Task prompt
The answer is a stretch of the material below, returned exactly: the line containing "Professional Bluetooth Waterproof", the line containing "Vintage Swirl Floral", and all lines between.

Data supplied

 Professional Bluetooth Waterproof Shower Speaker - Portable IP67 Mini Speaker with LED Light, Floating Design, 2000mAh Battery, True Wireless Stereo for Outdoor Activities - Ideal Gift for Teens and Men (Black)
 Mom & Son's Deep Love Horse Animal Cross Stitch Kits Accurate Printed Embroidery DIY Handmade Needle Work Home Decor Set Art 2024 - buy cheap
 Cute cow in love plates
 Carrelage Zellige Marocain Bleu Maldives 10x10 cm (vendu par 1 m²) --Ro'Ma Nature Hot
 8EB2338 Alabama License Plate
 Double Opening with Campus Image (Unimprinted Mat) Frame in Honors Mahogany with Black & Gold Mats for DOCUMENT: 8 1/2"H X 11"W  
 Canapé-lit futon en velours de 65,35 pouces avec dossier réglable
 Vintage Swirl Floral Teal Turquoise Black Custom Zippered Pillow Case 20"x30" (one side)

==

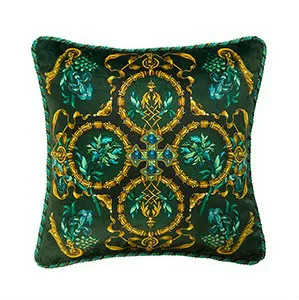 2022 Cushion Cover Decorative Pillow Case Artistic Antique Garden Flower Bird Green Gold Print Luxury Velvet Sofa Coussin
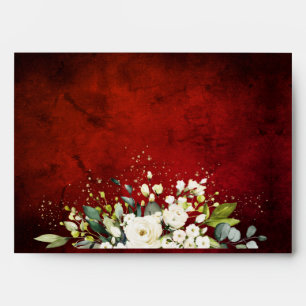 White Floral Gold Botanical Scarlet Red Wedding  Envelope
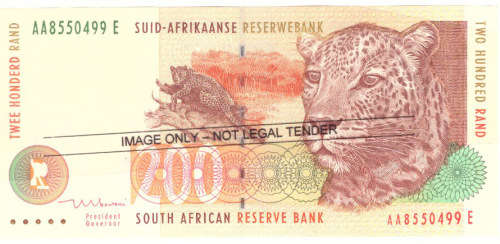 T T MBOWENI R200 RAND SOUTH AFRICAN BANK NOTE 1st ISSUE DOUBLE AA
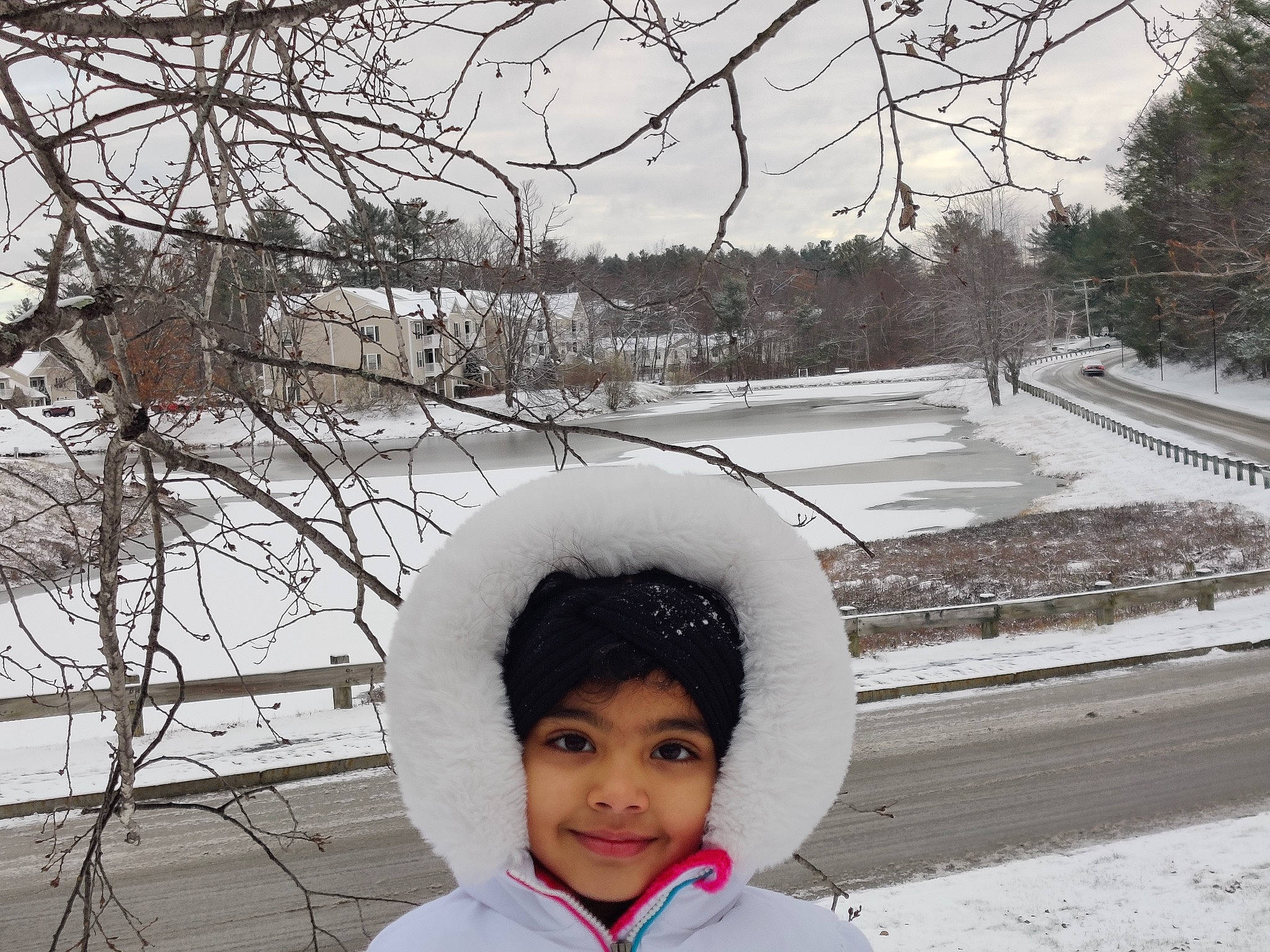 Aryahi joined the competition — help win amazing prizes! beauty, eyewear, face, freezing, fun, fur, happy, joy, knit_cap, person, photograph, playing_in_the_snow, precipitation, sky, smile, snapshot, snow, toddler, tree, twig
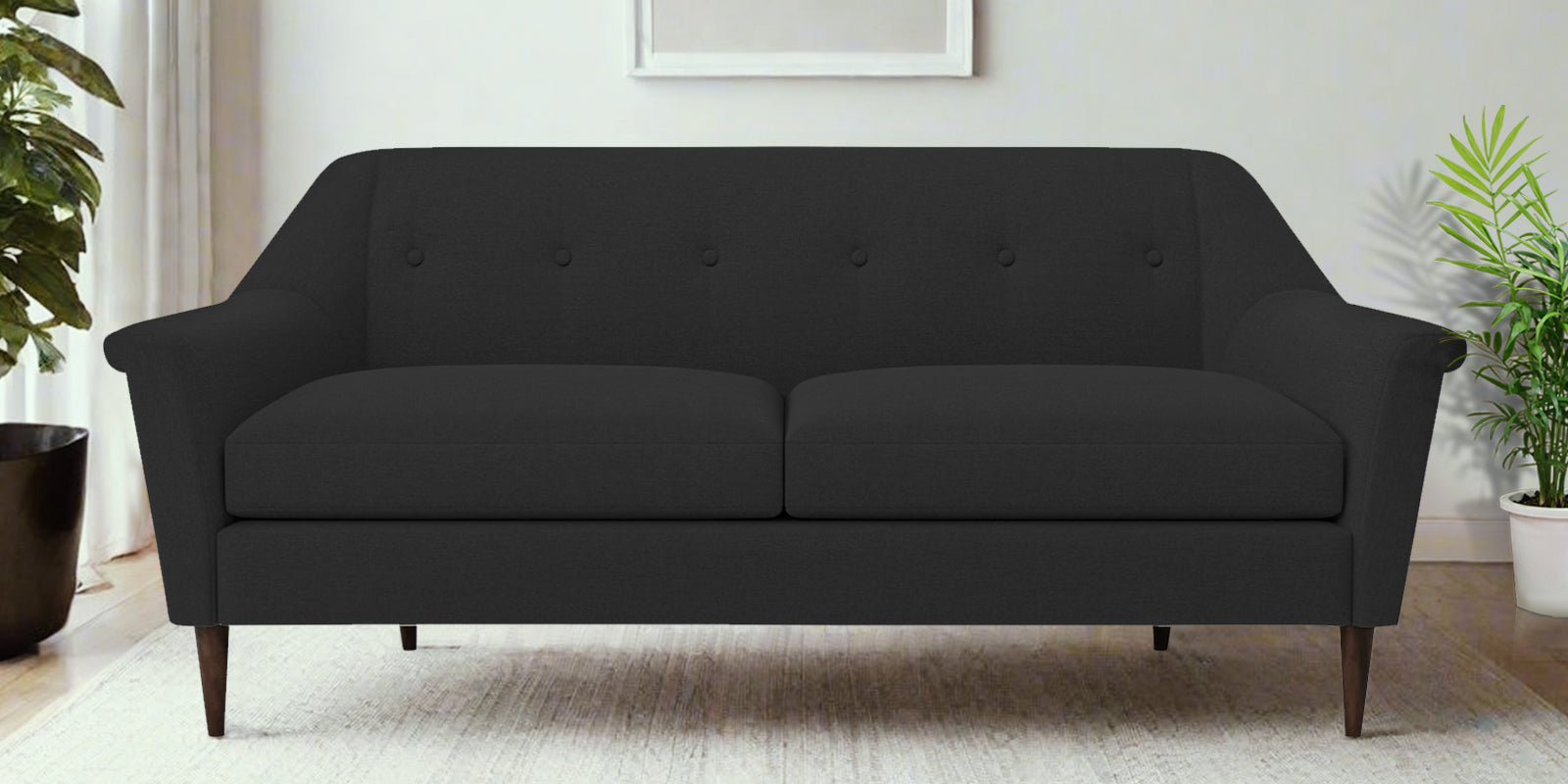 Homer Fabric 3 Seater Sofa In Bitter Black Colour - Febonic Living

==

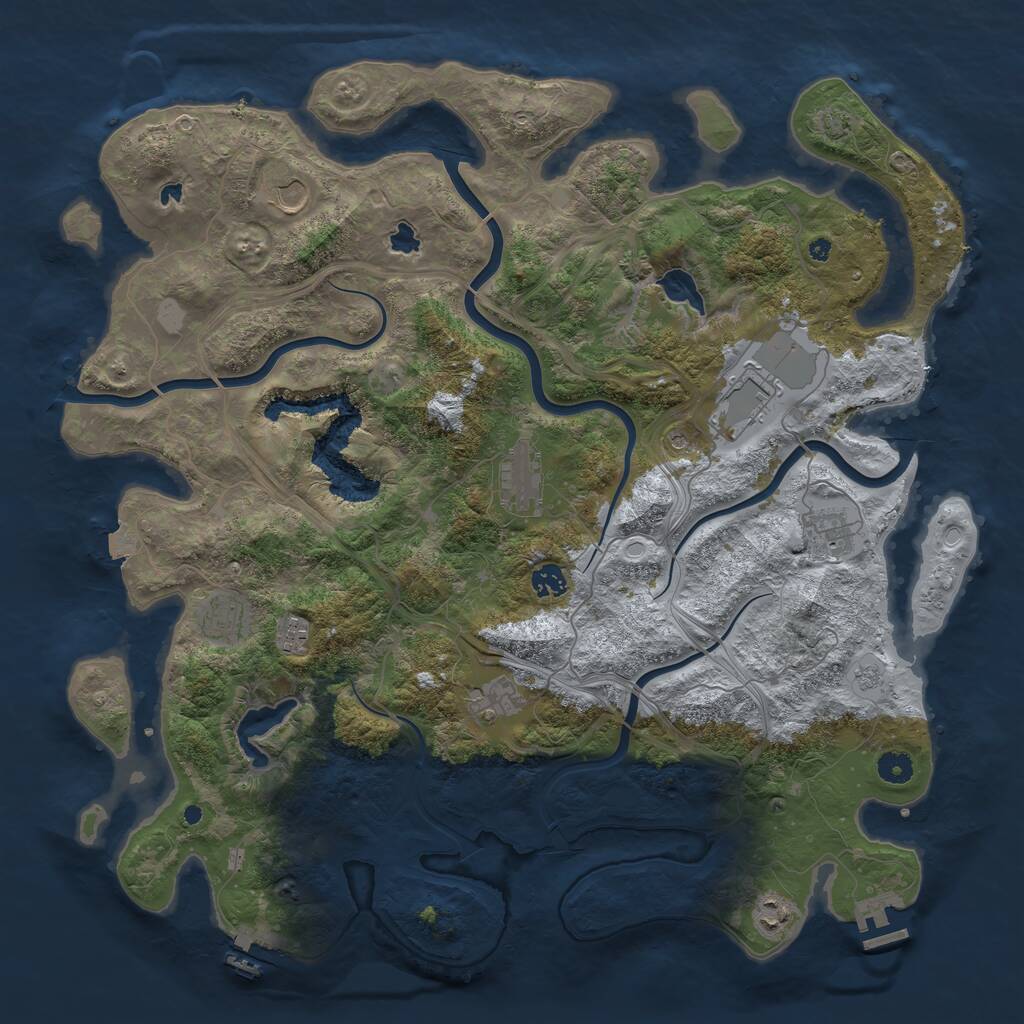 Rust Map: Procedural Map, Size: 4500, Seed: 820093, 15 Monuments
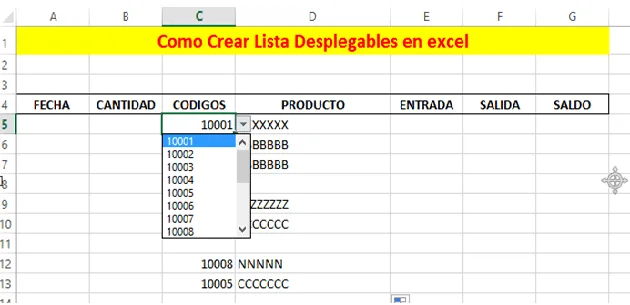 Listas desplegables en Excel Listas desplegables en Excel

Output for this task
 Professional Bluetooth Waterproof Shower Speaker - Portable IP67 Mini Speaker with LED Light, Floating Design, 2000mAh Battery, True Wireless Stereo for Outdoor Activities - Ideal Gift for Teens and Men (Black)
 Mom & Son's Deep Love Horse Animal Cross Stitch Kits Accurate Printed Embroidery DIY Handmade Needle Work Home Decor Set Art 2024 - buy cheap
 Cute cow in love plates
 Carrelage Zellige Marocain Bleu Maldives 10x10 cm (vendu par 1 m²) --Ro'Ma Nature Hot
 8EB2338 Alabama License Plate
 Double Opening with Campus Image (Unimprinted Mat) Frame in Honors Mahogany with Black & Gold Mats for DOCUMENT: 8 1/2"H X 11"W  
 Canapé-lit futon en velours de 65,35 pouces avec dossier réglable
 Vintage Swirl Floral Teal Turquoise Black Custom Zippered Pillow Case 20"x30" (one side)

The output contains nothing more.